Indirect searches of dark matter via polynomial spectral features

TL;DR

This paper develops a model-independent method to predict spectral features from dark matter annihilations or decays involving intermediary particles with arbitrary spin, producing neutrinos or photons with characteristic polynomial-shaped spectra within a kinematic box.

Contribution

It introduces a novel, model-independent framework to derive spectral features from dark matter interactions involving particles of any spin, focusing on polynomial spectral shapes within a kinematic box.

Findings

Spectral features are restricted to a kinematic box with polynomial shape.

Application to Standard Model gauge bosons and hypothetical spin-2 particles.

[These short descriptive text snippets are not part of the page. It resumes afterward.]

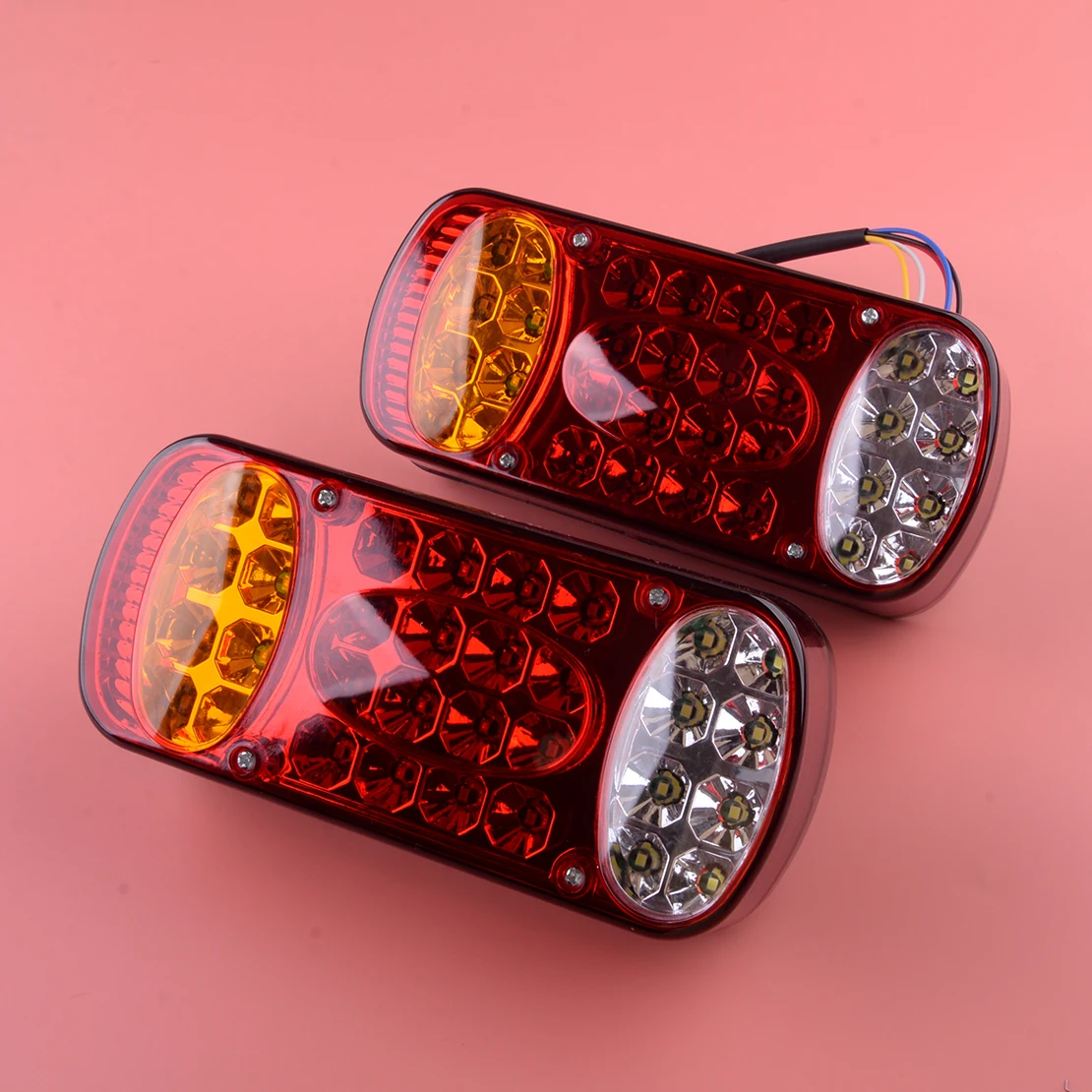 2Pcs LED Tail Light Indicator Rear Turn Signal Stop Brake Reverse Lamp Fit for 12V Caravan Truck Trailer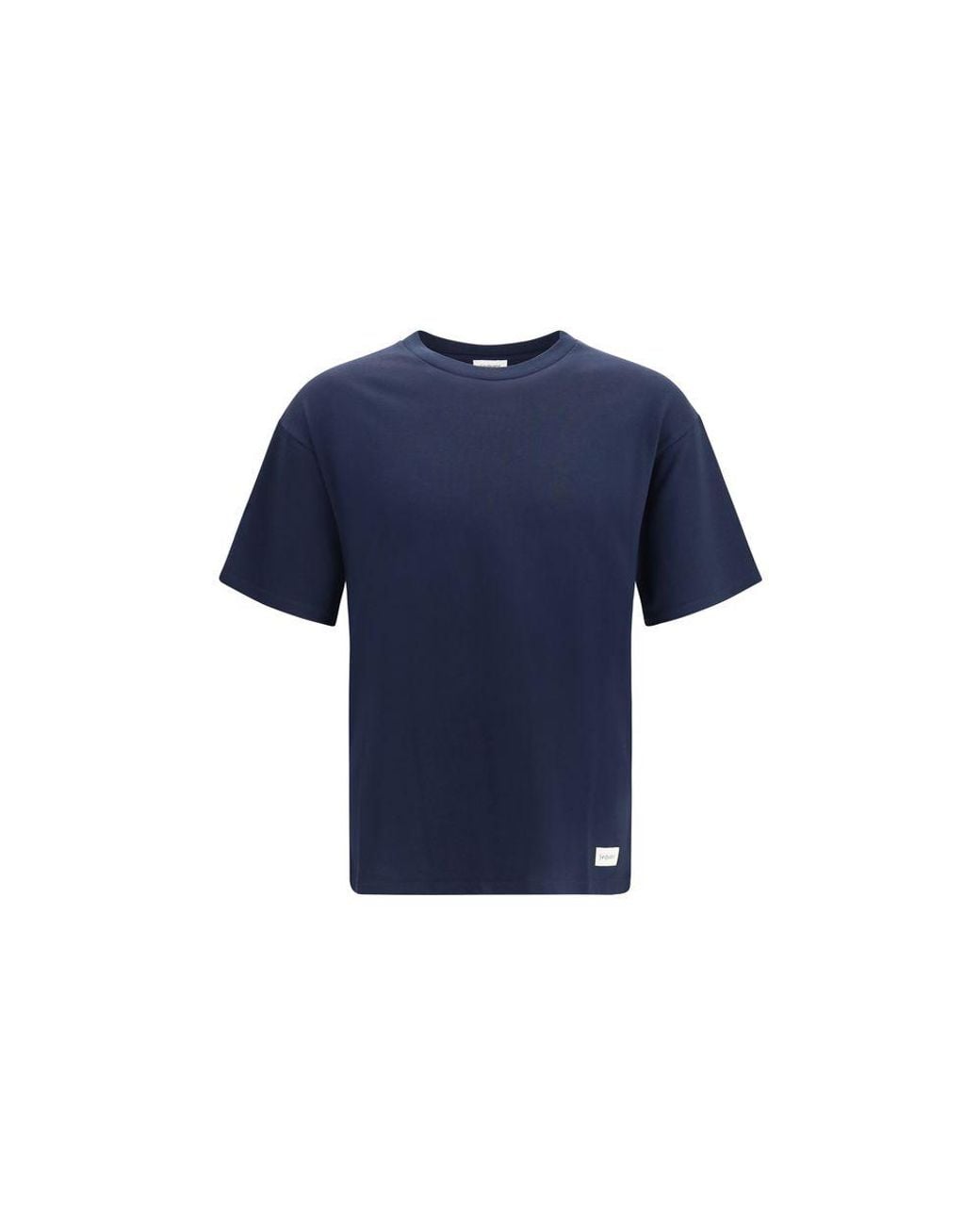 Saint Laurent Blue Saint Laurent Cotton-Modal Crewneck T-Shirt for men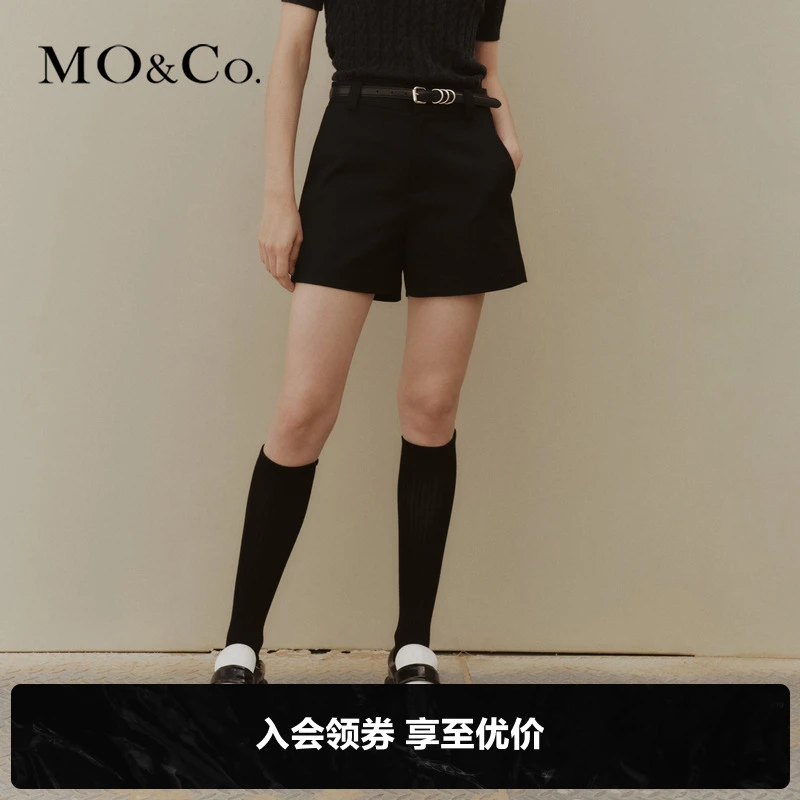 抗菌MOCO秋绵羊毛精纺A字高腰短裤老钱风MBC3SOT002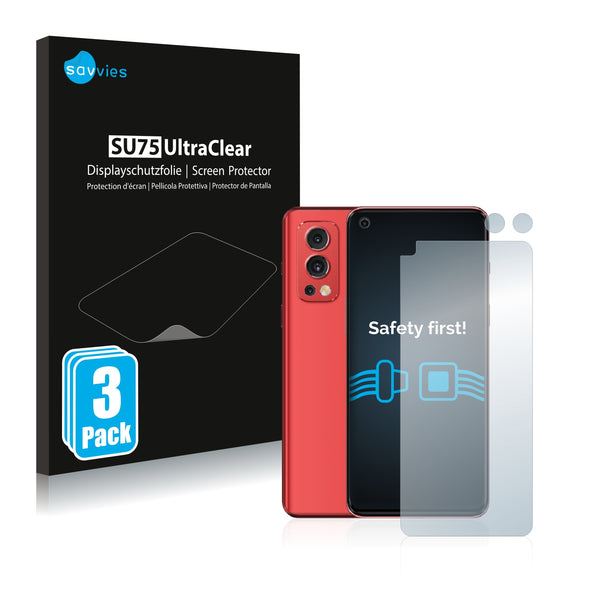 6x Savvies SU75 Screen Protector for OnePlus Nord 2 (Front + cam)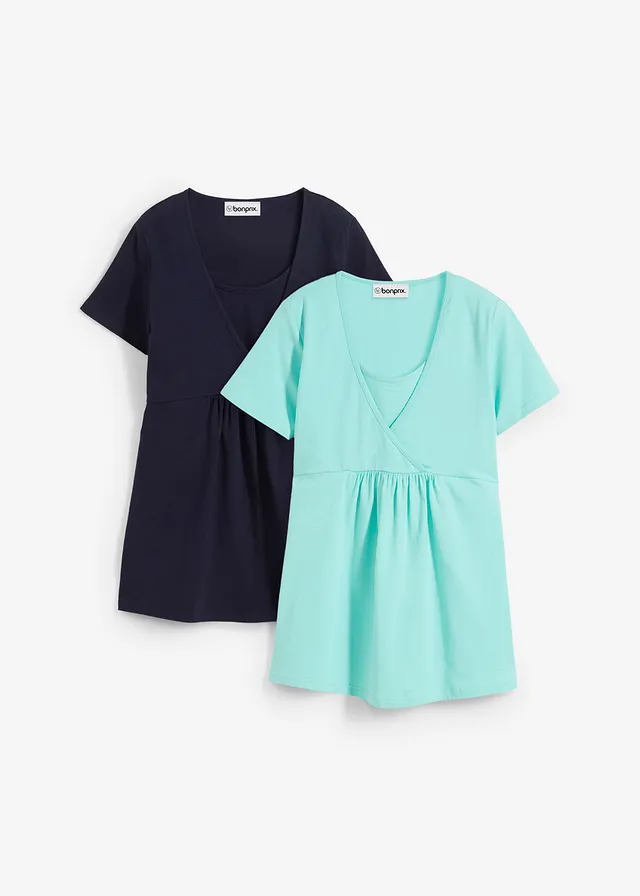 2-in-1 zwangerschapsshirt / voedingsshirt (set van 2), Kleur: donkerblauw+mentholblauw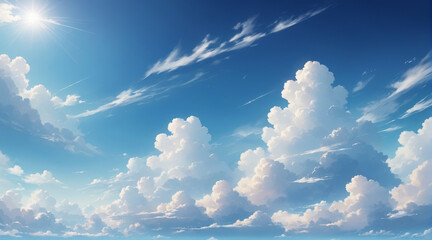 The view of the bright blue sky with clouds and the shining sun is very beautiful. Bright sky background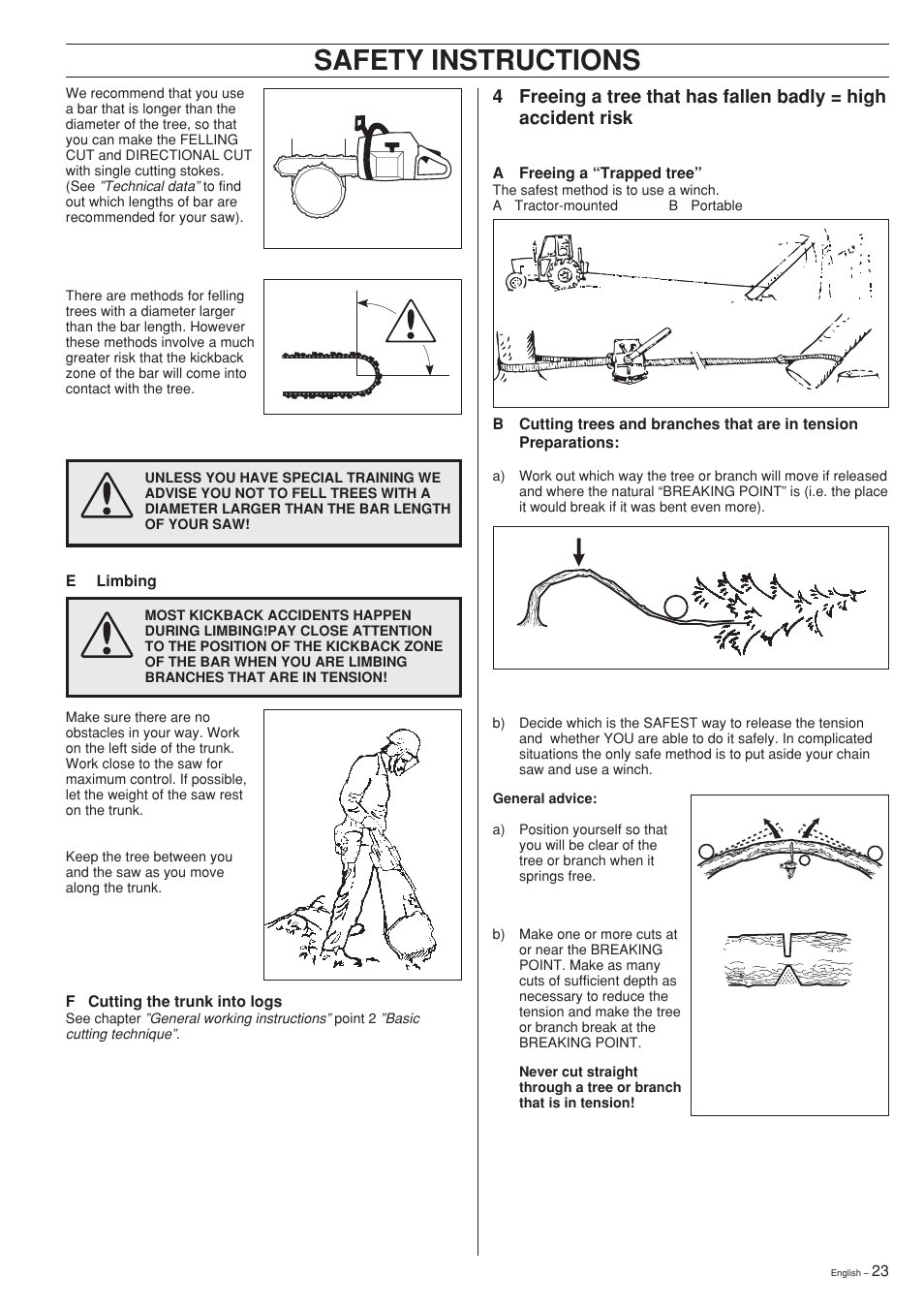 Safety instructions | Husqvarna 357XP User Manual | Page 23 / 36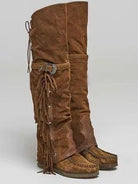 Ruth | Women's Fringe Cowboy Boots – Knee High Faux Suede Western Boots, Faux Fur Lined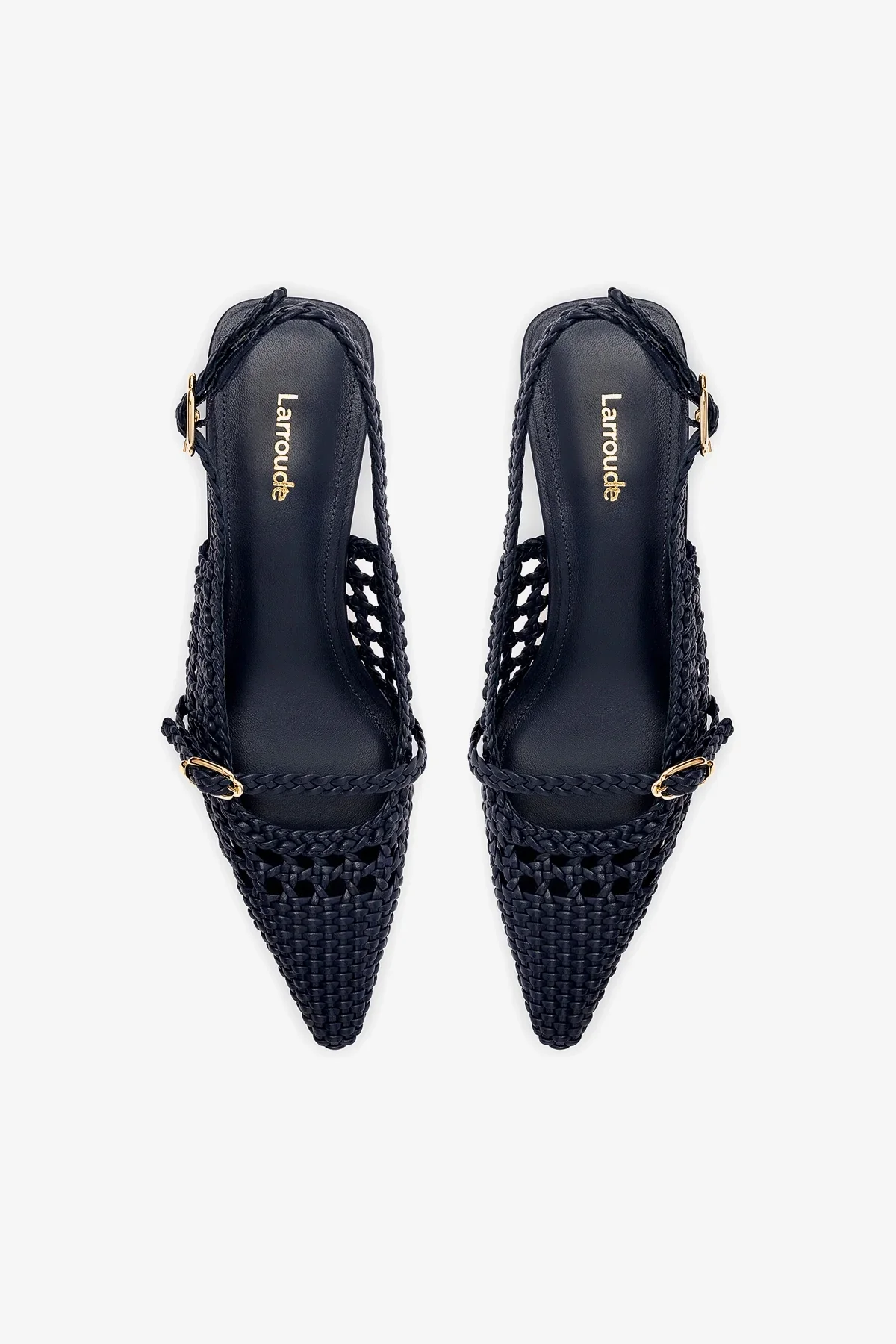 Ines Macrame Pump In Navy Leather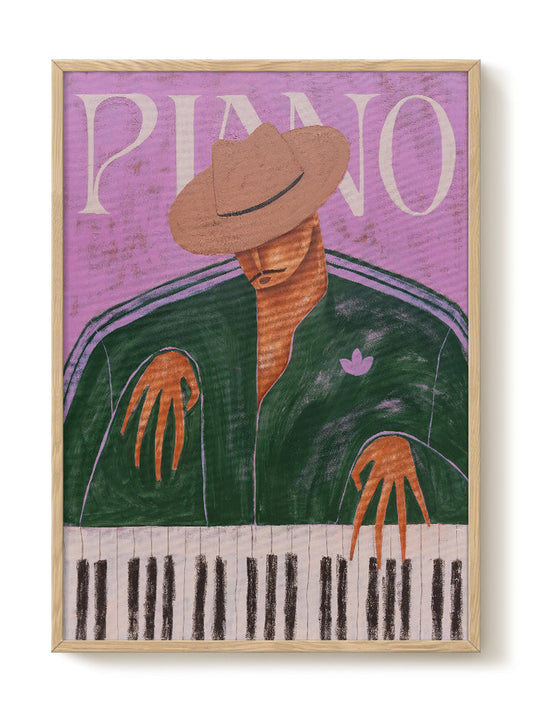 Affiche d’un homme jouant du piano illustration graphique et illustratif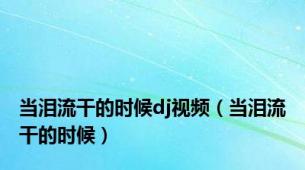 当泪流干的时候dj视频（当泪流干的时候）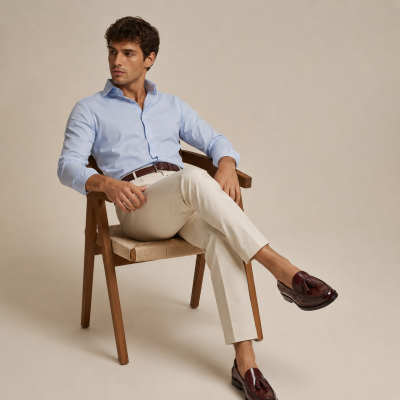 Mocasines de hombre con borlas y suela de cuero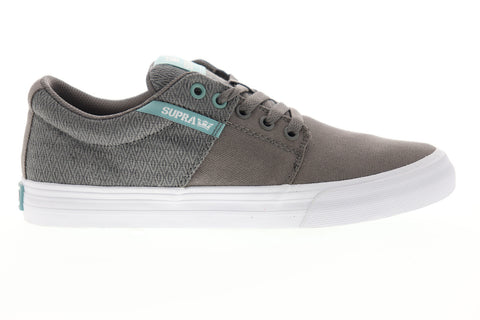 Supra Stacks II Vulc 08194-063-M Mens Gray Canvas Low Top Skate Sneakers Shoes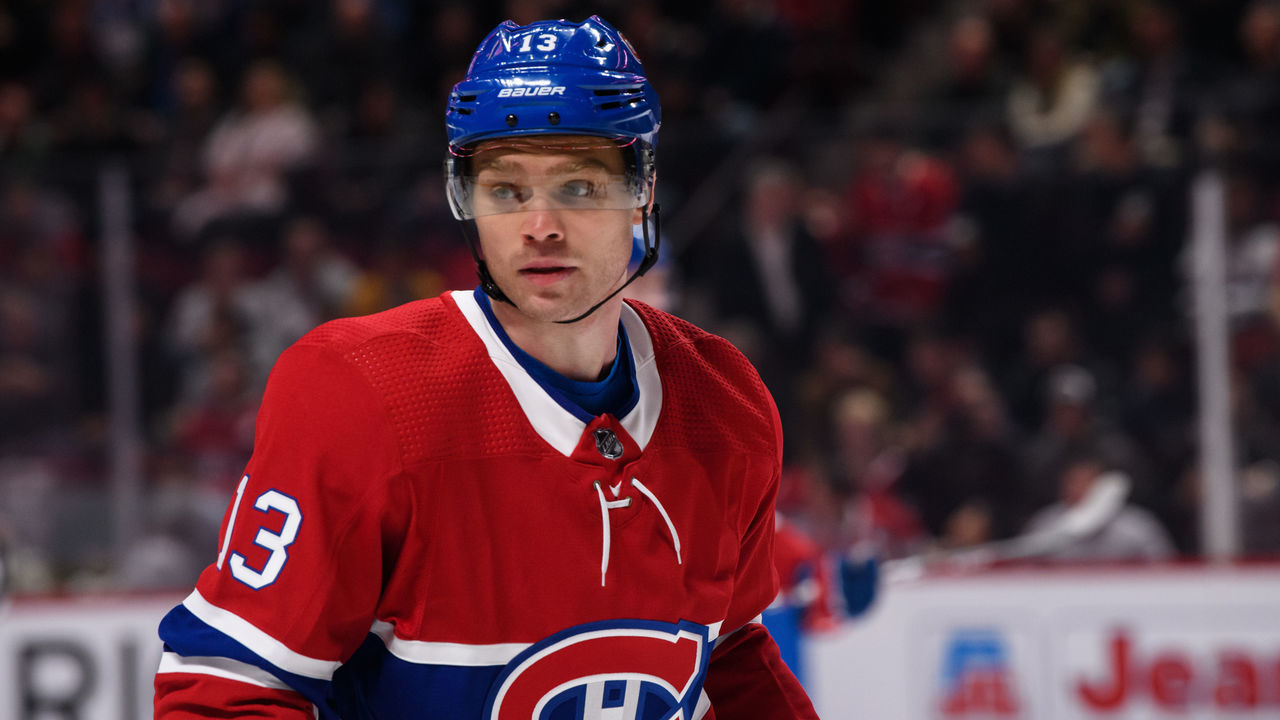 MONTREAL, QC - FEBRUARY 25: Max Domi (13) of the Montreal Canadiens looks on during the first period period of the NHL game between the Vancouver Canucks and the Montreal Canadiens on February 25, 2020, at the Bell Centre in Montreal, QC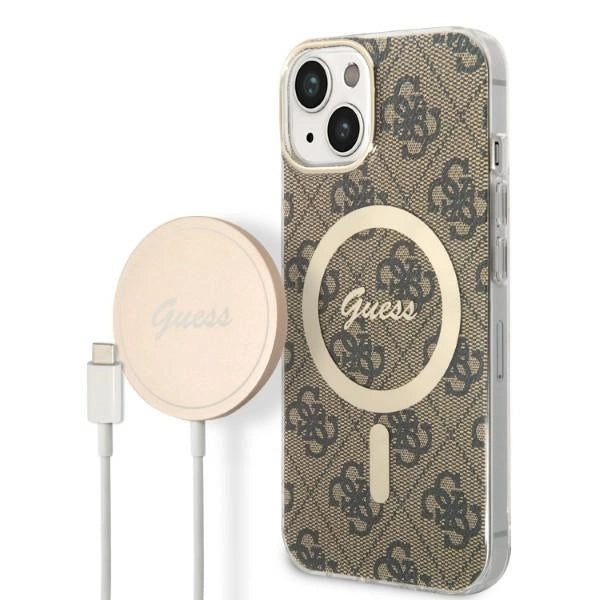 Set Guess GUBPP14SH4EACSW Case+ Charger iPhone 14 6.1" brun/brun hard case 4G Print MagSafe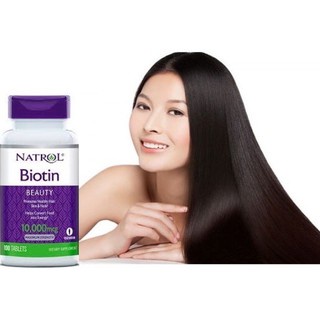 HŨ 60 VIÊN NGẬM Natrol Biotin TỐT CHO DA, MÓNG, TÓC Hair, Skin &amp; Nails, 10,000mcg, VỊ DÂU Strawberry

Derived limits on dark matter annihilation cross section from gamma-ray observations.

Abstract

We derive the spectra arising from non-relativistic dark matter annihilations or decays into intermediary particles with arbitrary spin, which subsequently produce neutrinos or photons via two-body decays. Our approach is model independent and predicts spectral features restricted to a kinematic box. The overall shape within that box is a polynomial determined by the polarization of the decaying particle. We illustrate our findings with two examples. First, with the neutrino spectra arising from dark matter annihilations into the massive Standard Model gauge bosons. Second, with the gamma-ray and neutrino spectra generated by dark matter annihilations into hypothetical massive spin-2 particles. Our results are in particular applicable to the 750 GeV diphoton excess observed at the LHC if interpreted as a spin-0 or spin-2 particle coupled to dark matter. We also derive limits on the dark matter annihilation cross section into this resonance from the non-observation of the associated gamma-ray spectral features by the H.E.S.S. telescope.